The comparison of the adolescent boxer Hagesidamus and his trainer Ilas to Patroclus and Achilles in Pindar’s Olympian 10.16–21 and the subsequent comparison of Hagesidamus to Ganymede in Olympian 10.99–105 suggest that the relationship was in some sense pederastic, particularly in the wake of Aeschylus’ treatment of Achilles and Patroclus in these terms in Myrmidons. This possibility motivates a broader examination of the evidence for such relationships in fifth-century Greece. There is no doubt that the palaestra was a central locus for the formation of pederastic liaisons and that athletic nudity was integral to the esthetic construction of adolescent beauty.
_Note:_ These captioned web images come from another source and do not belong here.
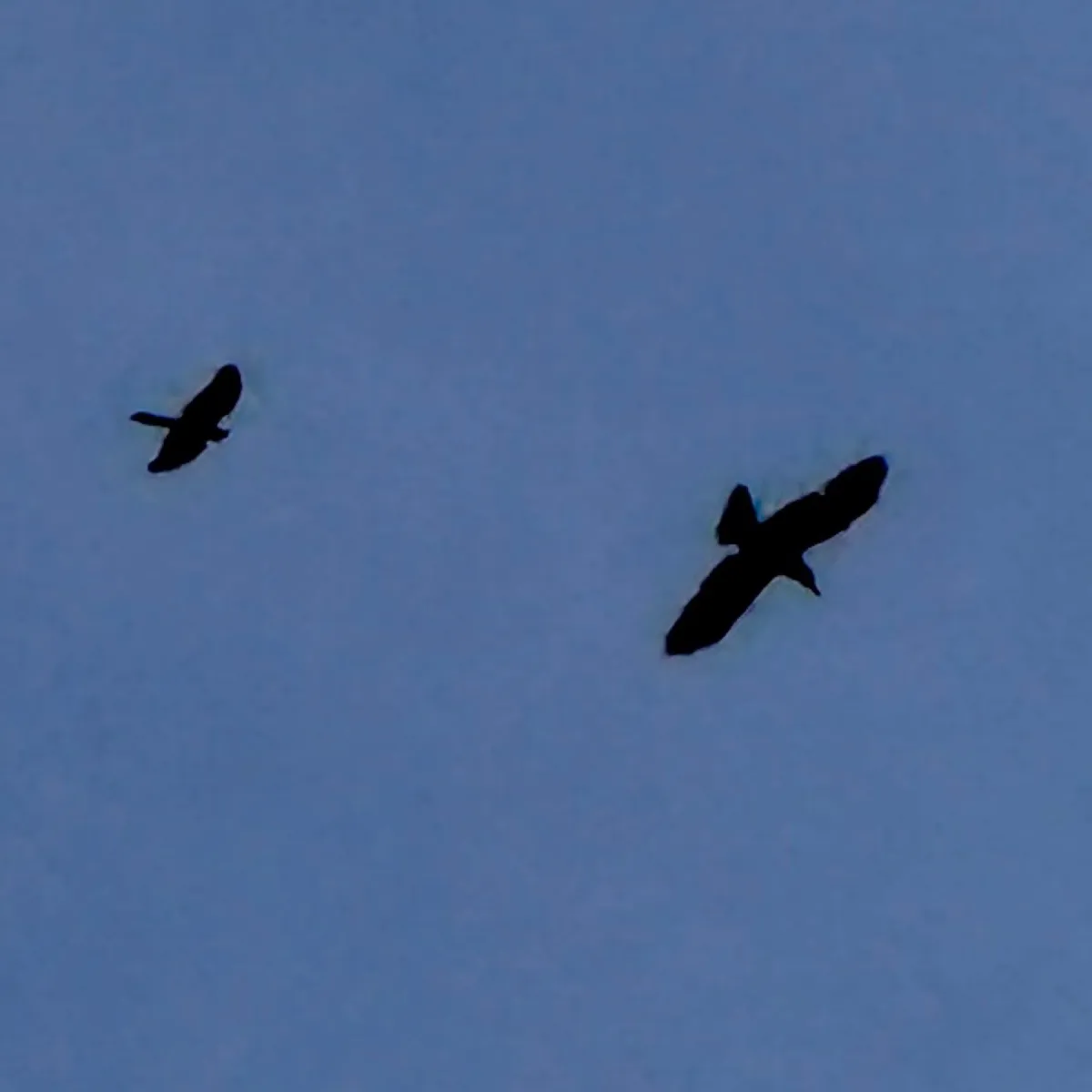 Waargenomen Raaf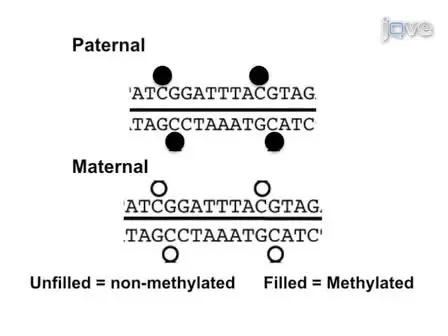 Determination of DNA Methylation of Imprinted Genes in <em>Arabidopsis</em> Endosperm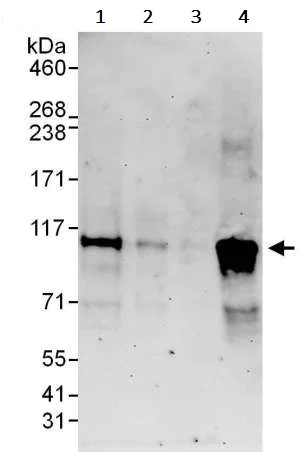 Western blot - Anti-BACH1.3 antibody (AB245548)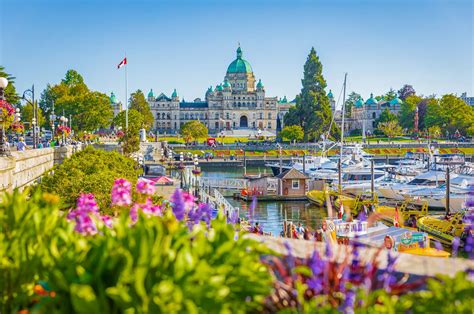 3249003307  We are a local Victoria, BC business proud to serve patients with cataract, glaucoma, macular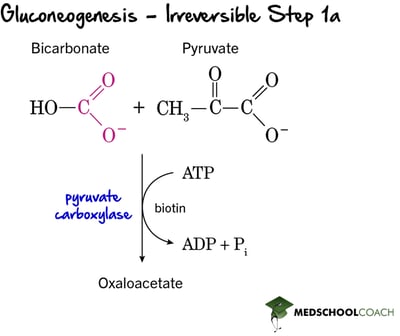 Gluconeogenesis Irreversible Step 1a - MCAT Biochemistry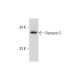 Syntaxin 2 Antibody (A-12) - Western Blotting - Image 325194
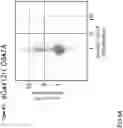 Fig. 12 - CRISPR DNA targeting enzymes and systems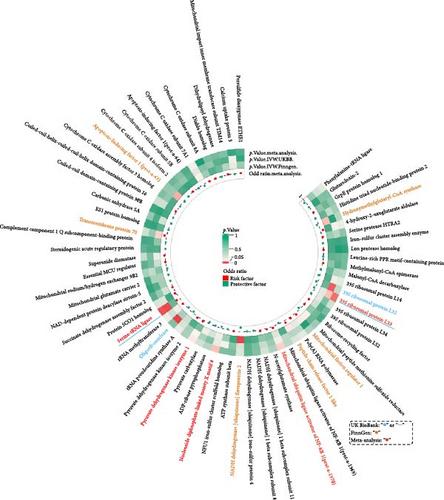 Impact of Mitochondrial-Associated Proteins on Erectile Dysfunction: Insights From Mendelian Randomization Analysis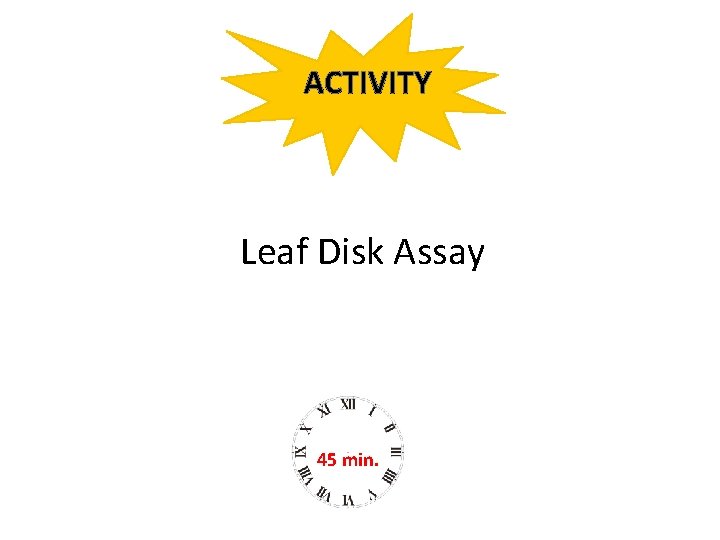 ACTIVITY Leaf Disk Assay 45 min. 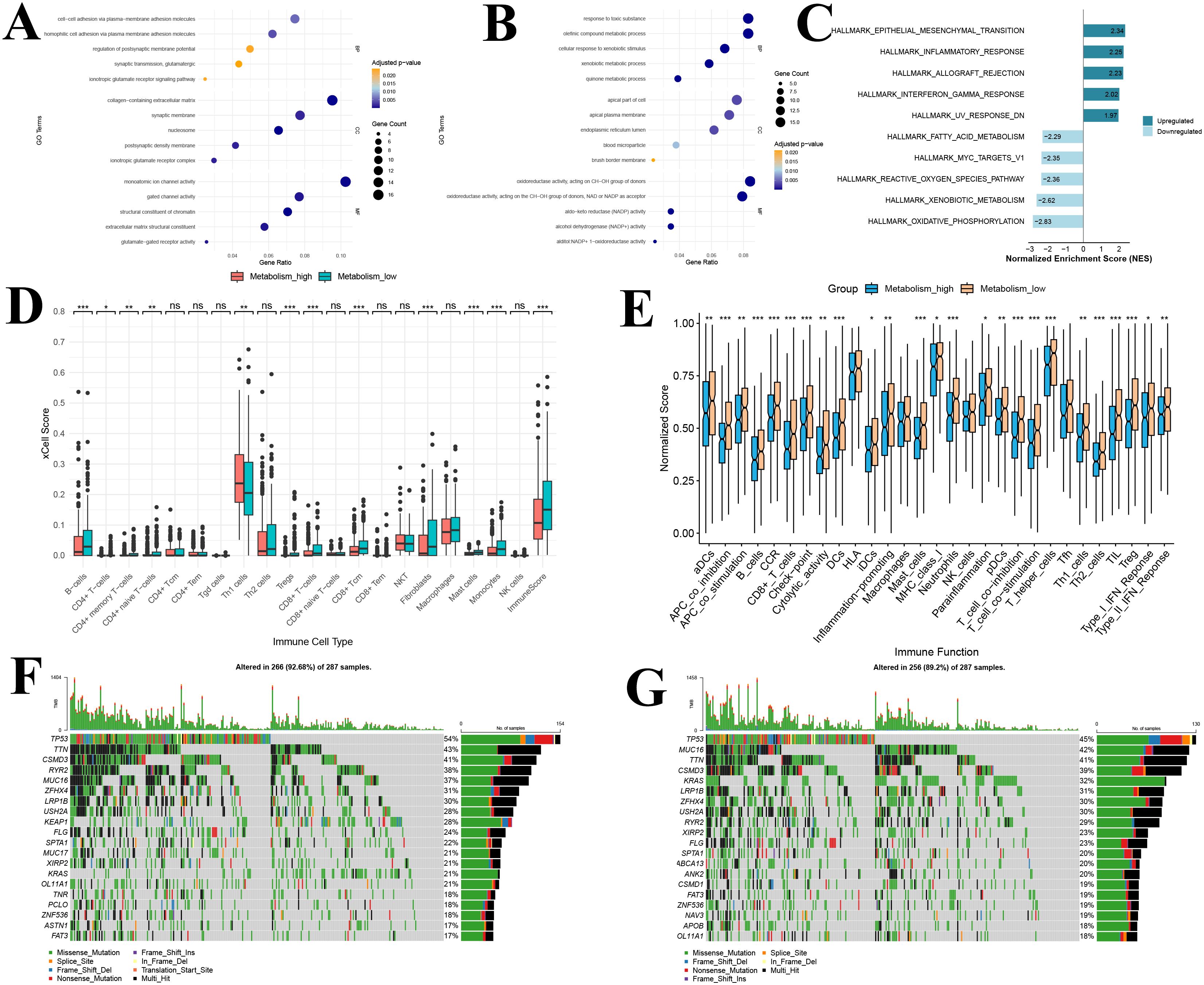 Grouped images A to G include: A: Bubble chart showing gene ontology (GO) terms with adjusted p-values and gene counts, colored by gene ratio. B: Bubble chart displaying different GO terms with similar metrics as A. C: Bar chart with normalized enrichment score (NES) showing upregulated and downregulated pathways. D: Box plot of xCell scores for various immune cell types in high and low metabolism groups. E: Box plot of immune function scores in high and low metabolism groups. F: Oncoplot highlighting mutations in 299 of 287 samples, showing mutation types and percentages. G: Oncoplot for immune function mutations in 256 of 287 samples, with similar details as F.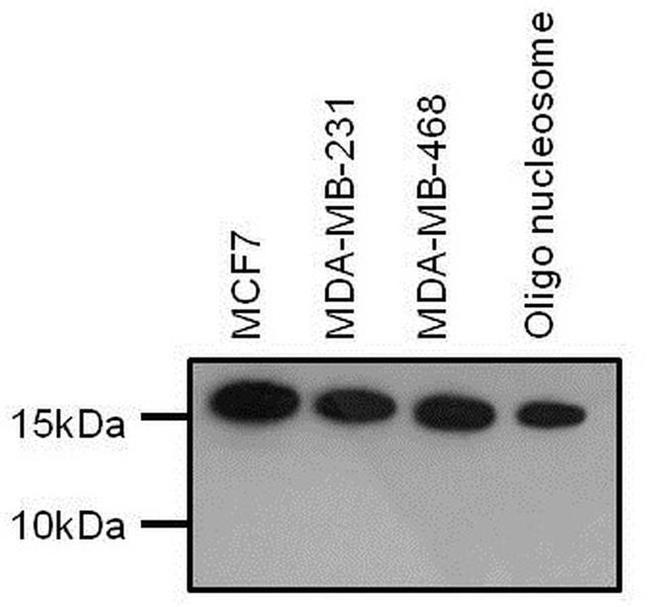 H3K4me2 Antibody in Western Blot (WB)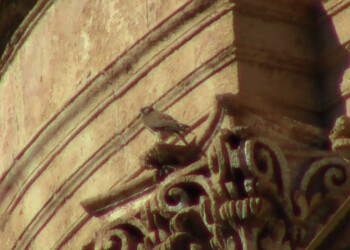 Coronavirus e natura: un Gheppio “abita” la Cattedrale normanna di Palermo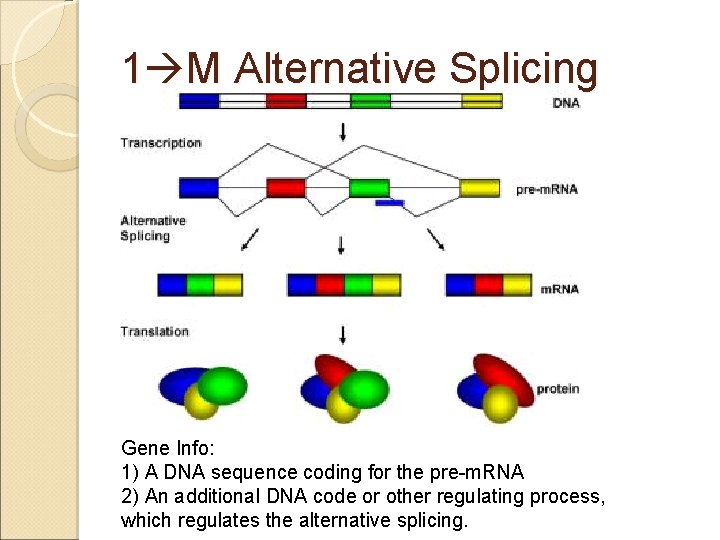 1 M Alternative Splicing Gene Info: 1) A DNA sequence coding for the pre-m.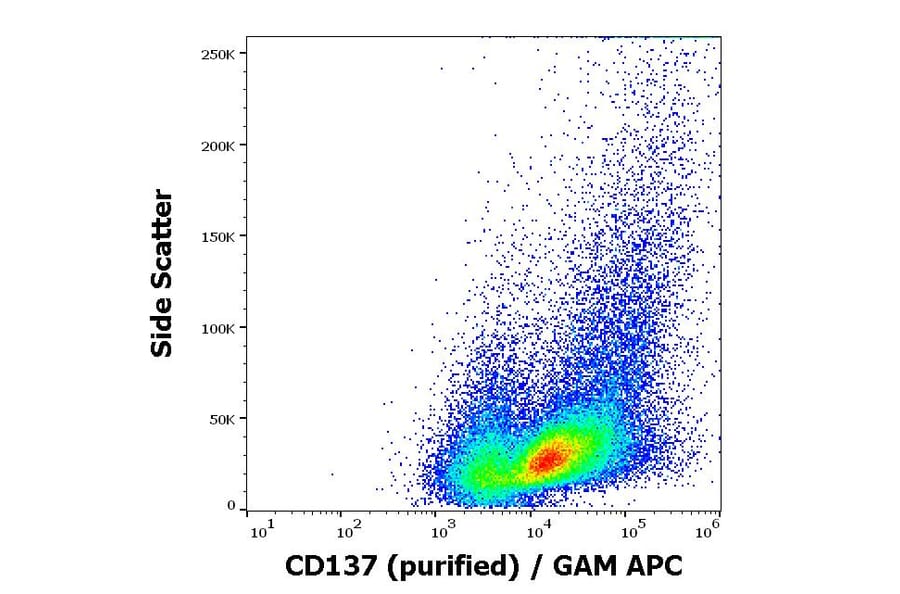 Flow Cytometry - Anti-CD137 Antibody [4B4-1] (A86513)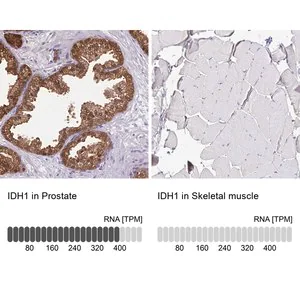 Merck Anti-IDH1 antibody produced in rabbit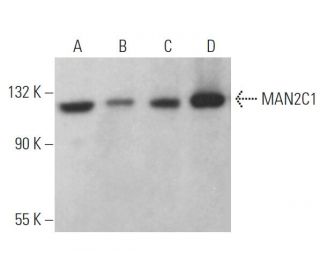 MAN2C1 Antibody (C-4) - Western Blotting - Image 365444 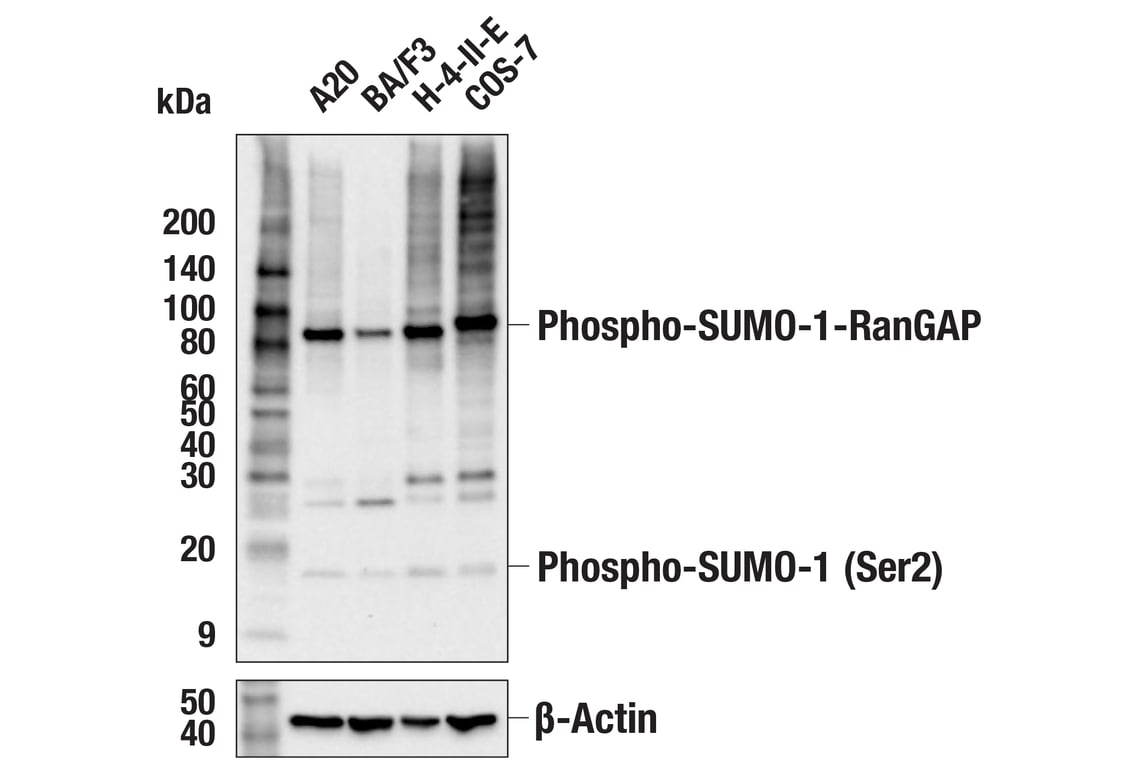 Western Blotting Image 3: Phospho-SUMO-1 (Ser2) (F9B6U) Rabbit Monoclonal Antibody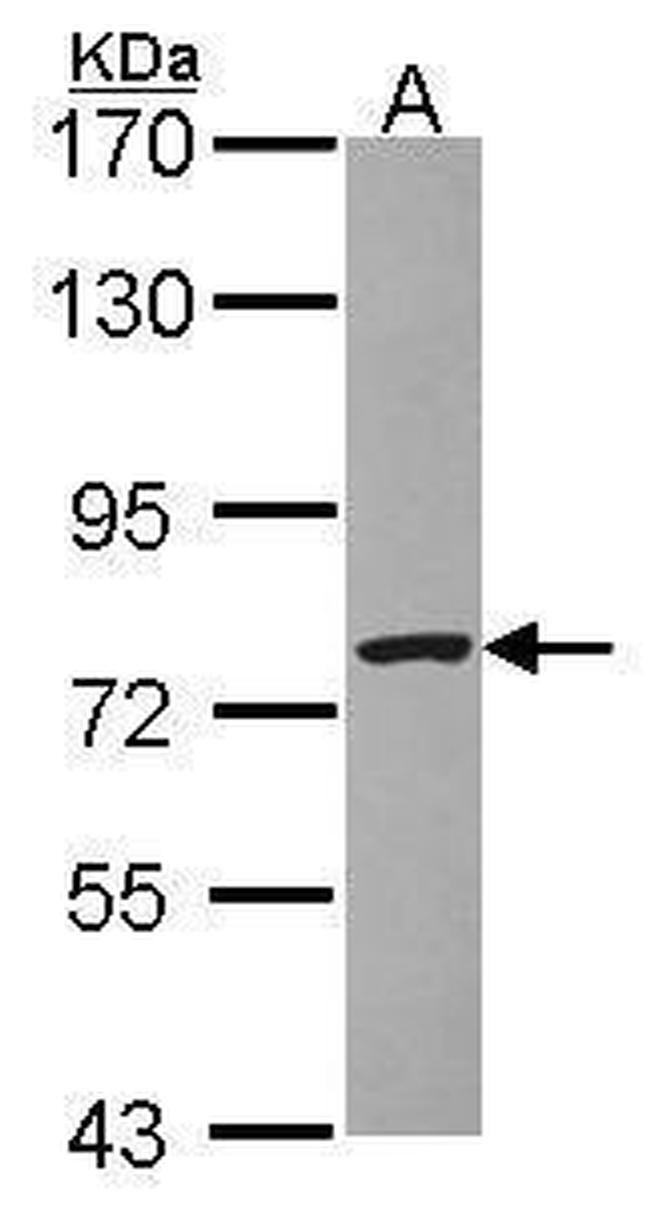 DREF Antibody in Western Blot (WB)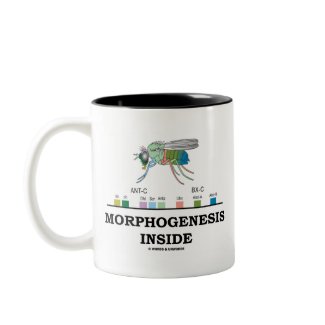 Morphogenesis Inside (Fruit Fly Drosophila Genes) mug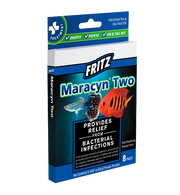 Fritz Maracyn Two medication for fish health, shown in a clear bottle with label, used for treating bacterial infections in aquarium fish.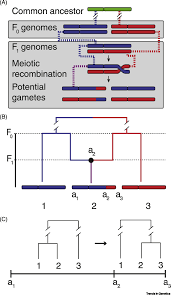 We did not find results for: From Summary Statistics To Gene Trees Methods For Inferring Positive Selection Trends In Genetics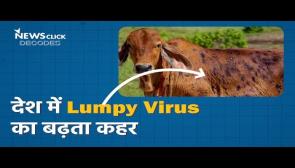 How did Lumpy Virus Become so Deadly?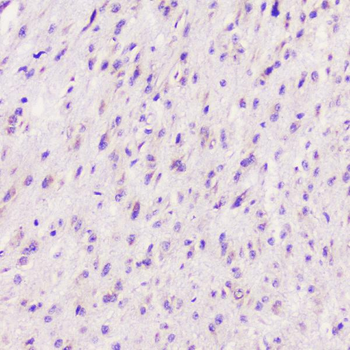 ELAVL2 HuB Antibody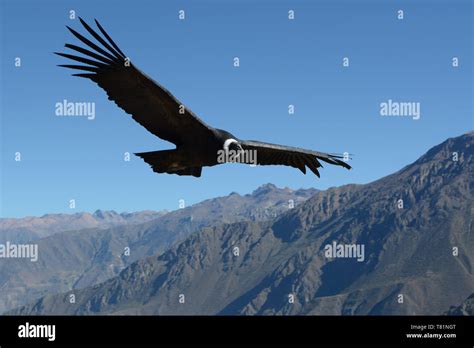 Chile patagonia ave cóndor fotografías e imágenes de alta resolución ...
There is also no doubt that the trainer’s position afforded him regular intimacy and close physical contact with boys; several Hellenistic texts take for granted the erotic opportunities connected with the position. The “Solonian” law presuming to protect pupils from such relationships, attested in Aeschines, was probably a late fifth-century development in reaction to their common occurrence in earlier generations. Evidence also exists for lovers acting as financial backers to boy athletes or as informal trainers. Some of the most intriguing evidence for the conflation of the trainer’s and lover’s roles can be found in red-figure vase painting of the late sixth and fifth centuries.